■ EXERCISE OBJECTIVE:
Your task is to copy all of the data exactly.

(Stored entries)
════

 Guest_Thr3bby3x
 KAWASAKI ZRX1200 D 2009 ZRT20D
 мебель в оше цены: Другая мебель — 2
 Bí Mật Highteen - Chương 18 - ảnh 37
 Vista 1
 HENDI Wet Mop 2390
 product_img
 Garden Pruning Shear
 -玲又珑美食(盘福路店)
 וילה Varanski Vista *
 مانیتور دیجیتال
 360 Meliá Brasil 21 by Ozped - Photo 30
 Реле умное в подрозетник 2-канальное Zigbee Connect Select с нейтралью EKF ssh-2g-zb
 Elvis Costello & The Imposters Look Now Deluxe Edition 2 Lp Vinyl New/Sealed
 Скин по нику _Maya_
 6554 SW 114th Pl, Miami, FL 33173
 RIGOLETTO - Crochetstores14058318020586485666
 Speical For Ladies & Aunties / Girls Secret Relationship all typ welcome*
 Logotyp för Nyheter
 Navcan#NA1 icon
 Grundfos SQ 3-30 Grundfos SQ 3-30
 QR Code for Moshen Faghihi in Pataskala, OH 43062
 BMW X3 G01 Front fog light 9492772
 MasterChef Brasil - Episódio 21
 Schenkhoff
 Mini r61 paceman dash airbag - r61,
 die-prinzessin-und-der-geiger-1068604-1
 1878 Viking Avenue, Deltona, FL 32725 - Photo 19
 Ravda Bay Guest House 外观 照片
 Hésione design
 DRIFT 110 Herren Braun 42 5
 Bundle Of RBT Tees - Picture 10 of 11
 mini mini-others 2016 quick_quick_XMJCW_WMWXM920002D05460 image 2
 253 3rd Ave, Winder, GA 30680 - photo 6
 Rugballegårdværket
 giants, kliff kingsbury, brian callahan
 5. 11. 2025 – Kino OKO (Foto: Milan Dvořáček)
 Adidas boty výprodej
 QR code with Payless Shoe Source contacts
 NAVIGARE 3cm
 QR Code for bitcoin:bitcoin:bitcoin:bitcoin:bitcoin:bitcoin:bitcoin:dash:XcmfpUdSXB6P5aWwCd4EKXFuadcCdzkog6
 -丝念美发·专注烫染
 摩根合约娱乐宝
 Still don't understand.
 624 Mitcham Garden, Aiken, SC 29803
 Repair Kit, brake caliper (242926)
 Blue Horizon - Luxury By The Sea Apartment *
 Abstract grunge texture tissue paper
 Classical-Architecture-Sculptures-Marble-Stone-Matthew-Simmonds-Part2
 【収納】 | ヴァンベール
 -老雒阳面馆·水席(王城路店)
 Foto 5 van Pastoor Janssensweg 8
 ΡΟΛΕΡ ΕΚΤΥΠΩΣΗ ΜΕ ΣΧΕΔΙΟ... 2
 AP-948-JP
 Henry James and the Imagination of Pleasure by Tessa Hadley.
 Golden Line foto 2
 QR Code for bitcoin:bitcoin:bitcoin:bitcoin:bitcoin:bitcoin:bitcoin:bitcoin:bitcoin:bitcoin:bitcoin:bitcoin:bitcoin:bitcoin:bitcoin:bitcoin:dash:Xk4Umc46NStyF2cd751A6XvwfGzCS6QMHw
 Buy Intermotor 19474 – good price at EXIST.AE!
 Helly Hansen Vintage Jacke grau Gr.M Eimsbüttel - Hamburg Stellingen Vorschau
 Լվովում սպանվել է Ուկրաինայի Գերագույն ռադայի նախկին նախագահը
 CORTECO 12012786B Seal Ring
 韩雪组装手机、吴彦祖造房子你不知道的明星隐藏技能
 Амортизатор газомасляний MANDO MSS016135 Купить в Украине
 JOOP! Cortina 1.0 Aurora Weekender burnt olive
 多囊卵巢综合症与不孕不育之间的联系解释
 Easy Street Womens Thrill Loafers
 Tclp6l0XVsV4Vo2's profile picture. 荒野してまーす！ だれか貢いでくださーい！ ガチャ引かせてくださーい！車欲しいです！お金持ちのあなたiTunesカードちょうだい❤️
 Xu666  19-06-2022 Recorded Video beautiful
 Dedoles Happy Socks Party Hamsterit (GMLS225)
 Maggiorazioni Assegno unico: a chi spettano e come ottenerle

════

■ SOLUTION FOR THIS TASK:
 Guest_Thr3bby3x
 KAWASAKI ZRX1200 D 2009 ZRT20D
 мебель в оше цены: Другая мебель — 2
 Bí Mật Highteen - Chương 18 - ảnh 37
 Vista 1
 HENDI Wet Mop 2390
 product_img
 Garden Pruning Shear
 -玲又珑美食(盘福路店)
 וילה Varanski Vista *
 مانیتور دیجیتال
 360 Meliá Brasil 21 by Ozped - Photo 30
 Реле умное в подрозетник 2-канальное Zigbee Connect Select с нейтралью EKF ssh-2g-zb
 Elvis Costello & The Imposters Look Now Deluxe Edition 2 Lp Vinyl New/Sealed
 Скин по нику _Maya_
 6554 SW 114th Pl, Miami, FL 33173
 RIGOLETTO - Crochetstores14058318020586485666
 Speical For Ladies & Aunties / Girls Secret Relationship all typ welcome*
 Logotyp för Nyheter
 Navcan#NA1 icon
 Grundfos SQ 3-30 Grundfos SQ 3-30
 QR Code for Moshen Faghihi in Pataskala, OH 43062
 BMW X3 G01 Front fog light 9492772
 MasterChef Brasil - Episódio 21
 Schenkhoff
 Mini r61 paceman dash airbag - r61,
 die-prinzessin-und-der-geiger-1068604-1
 1878 Viking Avenue, Deltona, FL 32725 - Photo 19
 Ravda Bay Guest House 外观 照片
 Hésione design
 DRIFT 110 Herren Braun 42 5
 Bundle Of RBT Tees - Picture 10 of 11
 mini mini-others 2016 quick_quick_XMJCW_WMWXM920002D05460 image 2
 253 3rd Ave, Winder, GA 30680 - photo 6
 Rugballegårdværket
 giants, kliff kingsbury, brian callahan
 5. 11. 2025 – Kino OKO (Foto: Milan Dvořáček)
 Adidas boty výprodej
 QR code with Payless Shoe Source contacts
 NAVIGARE 3cm
 QR Code for bitcoin:bitcoin:bitcoin:bitcoin:bitcoin:bitcoin:bitcoin:dash:XcmfpUdSXB6P5aWwCd4EKXFuadcCdzkog6
 -丝念美发·专注烫染
 摩根合约娱乐宝
 Still don't understand.
 624 Mitcham Garden, Aiken, SC 29803
 Repair Kit, brake caliper (242926)
 Blue Horizon - Luxury By The Sea Apartment *
 Abstract grunge texture tissue paper
 Classical-Architecture-Sculptures-Marble-Stone-Matthew-Simmonds-Part2
 【収納】 | ヴァンベール
 -老雒阳面馆·水席(王城路店)
 Foto 5 van Pastoor Janssensweg 8
 ΡΟΛΕΡ ΕΚΤΥΠΩΣΗ ΜΕ ΣΧΕΔΙΟ... 2
 AP-948-JP
 Henry James and the Imagination of Pleasure by Tessa Hadley.
 Golden Line foto 2
 QR Code for bitcoin:bitcoin:bitcoin:bitcoin:bitcoin:bitcoin:bitcoin:bitcoin:bitcoin:bitcoin:bitcoin:bitcoin:bitcoin:bitcoin:bitcoin:bitcoin:dash:Xk4Umc46NStyF2cd751A6XvwfGzCS6QMHw
 Buy Intermotor 19474 – good price at EXIST.AE!
 Helly Hansen Vintage Jacke grau Gr.M Eimsbüttel - Hamburg Stellingen Vorschau
 Լվովում սպանվել է Ուկրաինայի Գերագույն ռադայի նախկին նախագահը
 CORTECO 12012786B Seal Ring
 韩雪组装手机、吴彦祖造房子你不知道的明星隐藏技能
 Амортизатор газомасляний MANDO MSS016135 Купить в Украине
 JOOP! Cortina 1.0 Aurora Weekender burnt olive
 多囊卵巢综合症与不孕不育之间的联系解释
 Easy Street Womens Thrill Loafers
 Tclp6l0XVsV4Vo2's profile picture. 荒野してまーす！ だれか貢いでくださーい！ ガチャ引かせてくださーい！車欲しいです！お金持ちのあなたiTunesカードちょうだい❤️
 Xu666  19-06-2022 Recorded Video beautiful
 Dedoles Happy Socks Party Hamsterit (GMLS225)
 Maggiorazioni Assegno unico: a chi spettano e come ottenerle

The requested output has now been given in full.